What Myburgh’s book, titled ‘The Republic Of Gupta – A Story of State Capture’ does is set out to capture, so to speak, in around 300 pages, a comprehensive narrative about the extent and the reach of the rot and the great cost, not only to the fiscus, but to our trust in the ruling party and the calibre of its leaders.
Myburgh spent over a year researching and writing the book. He has drawn widely on reports published by colleagues as well as his own extensive research. The book concludes with the firing of Pravin Gordhan and Mcebisi Jonas as well as the great unravelling currently taking place within the ANC itself.
A note before you begin reading: Each time you reach an amount that was spent, either on disastrous tenders to provide the Gauteng education department with computers or any other deal touched by the Gupta family and their associates, write the figure down. At the end, tally up the cost. It is mind-blowing. The figure is so huge president Zuma would not be able to read it out loud.
What South Africa could have accomplished had these vast amounts not been stolen, plundered and gobbled up by those elected to serve the people, is impossible to imagine. With South Africa’s desperate levels of poverty and inequality, that we have lost so much through sheer greed, cunning, indifference and self-interest, is devastating. And that our politicians, elected leaders and those entrusted with enforcing the law have stood by and in some cases aided and abetted it all is, quite frankly, treasonous.
Within days of publication of Myburgh’s book, former president Thabo Mbeki penned a letter to the media disputing a sentence in a chapter titled ‘Mbeki’s ‘secret’ council’ that Mbeki had met with the Guptas and that he had been ‘close’ to the family. Myburgh writes of a “consultative council” or a “secretive think tank” which Mbeki says was actually a “focus group” that enabled him to stay in touch with the “views of the population at large”.
Mbeki takes issue with Myburgh’s assertion that Essop Pahad, a minister in Mbeki’s presidency, and who is a former business partner of the Guptas, sought somehow to conceal Mbeki’s relationship with the controversial family.
But this is all very small potatoes in the larger scheme of things although it is not insignificant that Mbeki has sought to distance himself from the Guptas.
Pahad, writes Myburgh, first met Atul Gupta during a visit to India in 1996 with Mbeki when he was then deputy president along with FW de Klerk.
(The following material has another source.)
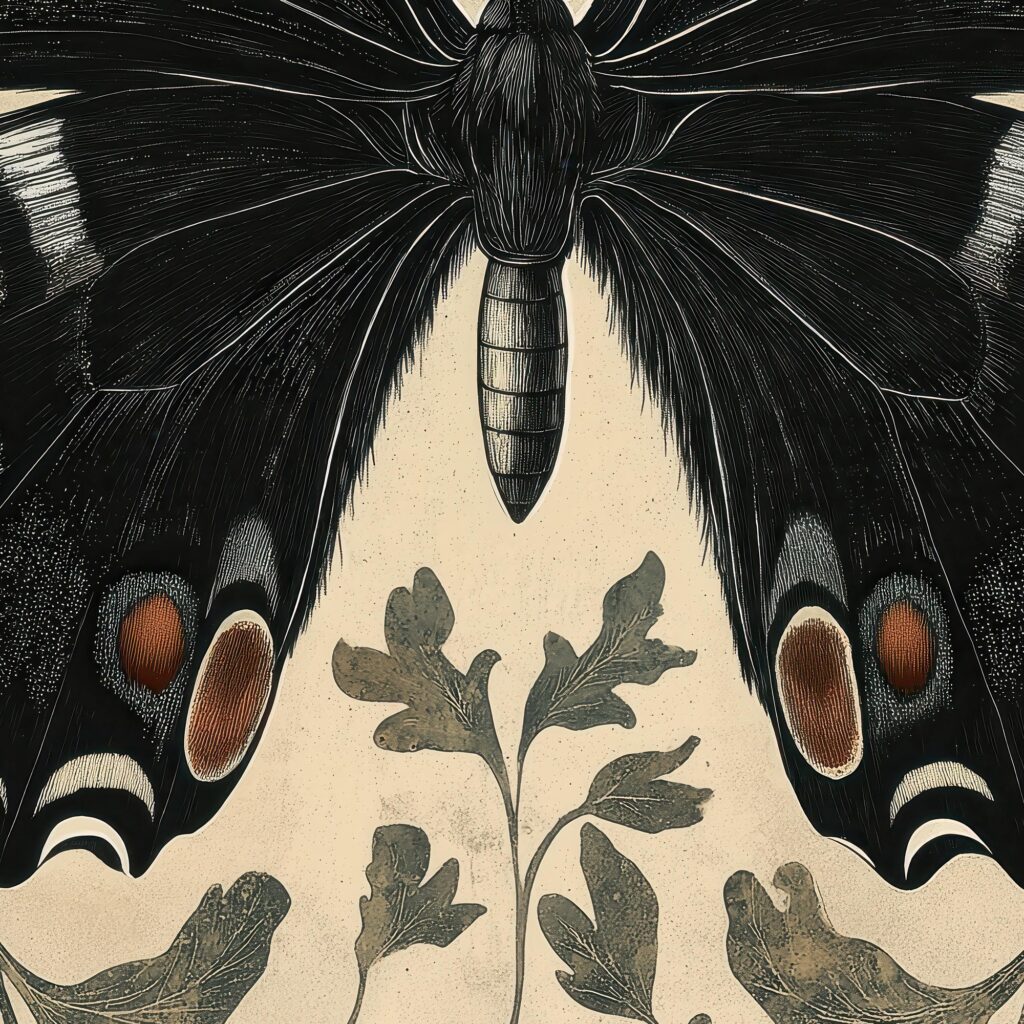 William Morris Butterfly Vintage Botanical Art Print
It was a brief meeting to discuss investment and trade opportunities in the newly democratic South Africa.
In 2006 it was Pahad who had nominated Atul to serve on the board of the International Marketing Council of South Africa – established by Mbeki in 2000 to promote a positive image of South Africa.
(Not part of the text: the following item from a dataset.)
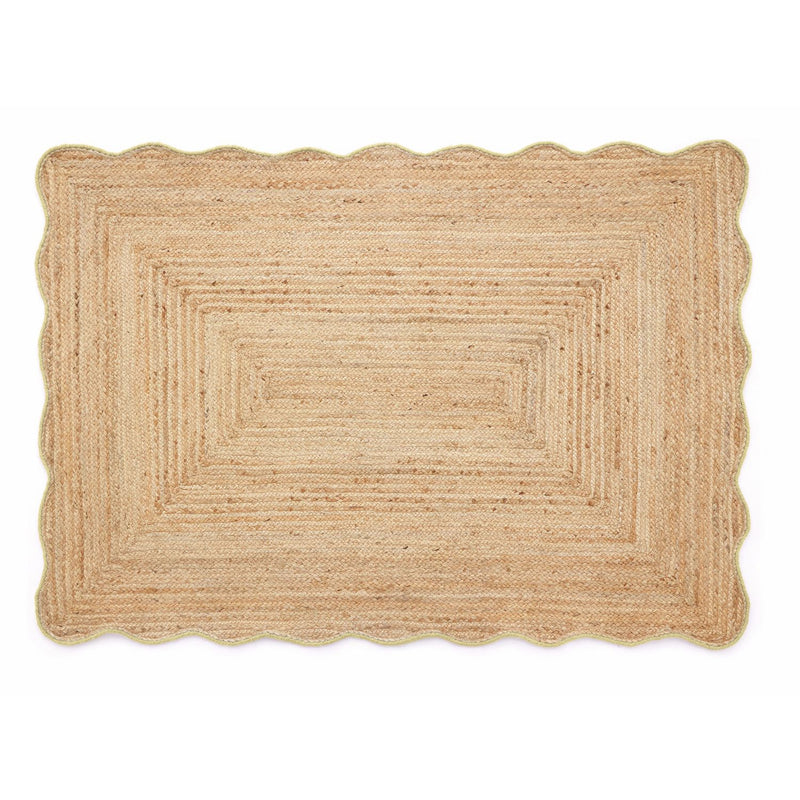 Origin Jute Scalloped Edge Yellow  Rug - 160x230cm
The splitting of hairs here is whether the Gupta family was dragged into the heart of the ANC by Mbeki. But Mbeki’s is a minor role. In the end, it is Jacob Zuma and his children who were and are the Gupta family’s jewels in the crown.
The Guptas got their first step up into the lucrative world of government tenders through their Sahara computer company and an IT contract with the Gauteng government and its Online Schools Project. It was 2001 and then premier, Mbhazima Shilowa, announced a plan to provide some 2 400 schools in Gauteng with computer laboratories.
Ultimately, the Guptas’ Sahara Computers was one of six consortiums selected for the R500 million tender. Sahara was set to install computers at 110 schools.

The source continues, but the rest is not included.